Idiotic. Masochistic, even.

Do her hands glow, or does the light deceive him?

She deliberately steps on his foot as she passes, taking the lead into the forest.

And still, Ryon notes, the necklace remains.

CHAPTERTHIRTY-FOUR

“Dawsyn? Wait… Dawsyn!”

It feels as though it’s all she has heard since waking. It is a ringing that grows ever louder. She squints her eyes, tries to escape it.

“Dawsyn!” Hector calls in earnest, reaching her side.

Hector. Her friend. Here in Terrsaw. She should speak with him. He must be afraid.

This morning he woke on the Ledge, as he has done each day of his life, and tonight he will lay his head down in the valley. She should be elated to see him. She owes him that much.

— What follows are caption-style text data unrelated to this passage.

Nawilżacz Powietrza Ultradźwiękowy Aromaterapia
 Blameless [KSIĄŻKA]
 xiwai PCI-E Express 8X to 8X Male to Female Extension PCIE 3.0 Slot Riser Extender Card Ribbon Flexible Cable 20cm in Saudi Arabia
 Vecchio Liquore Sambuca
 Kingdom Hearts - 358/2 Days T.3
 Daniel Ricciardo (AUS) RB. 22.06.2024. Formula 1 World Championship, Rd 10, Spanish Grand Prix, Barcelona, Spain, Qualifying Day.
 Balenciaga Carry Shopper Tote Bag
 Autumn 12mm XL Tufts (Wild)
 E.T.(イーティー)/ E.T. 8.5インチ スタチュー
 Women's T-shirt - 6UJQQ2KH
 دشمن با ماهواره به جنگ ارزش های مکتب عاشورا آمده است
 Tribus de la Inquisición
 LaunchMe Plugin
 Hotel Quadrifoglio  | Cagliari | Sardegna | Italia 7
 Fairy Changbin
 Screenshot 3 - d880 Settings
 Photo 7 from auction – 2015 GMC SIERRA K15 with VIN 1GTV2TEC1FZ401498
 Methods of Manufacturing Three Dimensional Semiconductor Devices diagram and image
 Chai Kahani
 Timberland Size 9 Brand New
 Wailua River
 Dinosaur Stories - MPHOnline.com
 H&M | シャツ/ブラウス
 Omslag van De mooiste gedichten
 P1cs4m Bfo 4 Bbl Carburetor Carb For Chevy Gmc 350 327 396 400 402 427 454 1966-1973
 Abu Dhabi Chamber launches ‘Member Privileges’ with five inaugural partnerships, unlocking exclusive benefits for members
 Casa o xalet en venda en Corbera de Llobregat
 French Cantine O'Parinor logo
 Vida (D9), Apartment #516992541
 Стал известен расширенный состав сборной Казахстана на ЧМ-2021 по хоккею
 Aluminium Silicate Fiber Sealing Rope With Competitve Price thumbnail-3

“I’m glad to see you alive,” Dawsyn manages, slowing to accommodate him. It isn’t a lie, but her mind is a churning current. It is hard to muster friendliness amongst the tossing waves. He quickens to keep pace alongside her, lifting his feet high, as one would in the snow. His steps are comically exaggerated. She remembers how hard it was to break the same habit.

“And you,” he says, and indeed he seems stunned by the very sight of her. He stumbles over trailing thickets, unable to remove his gaze.

And she stares back. He is familiar, and not.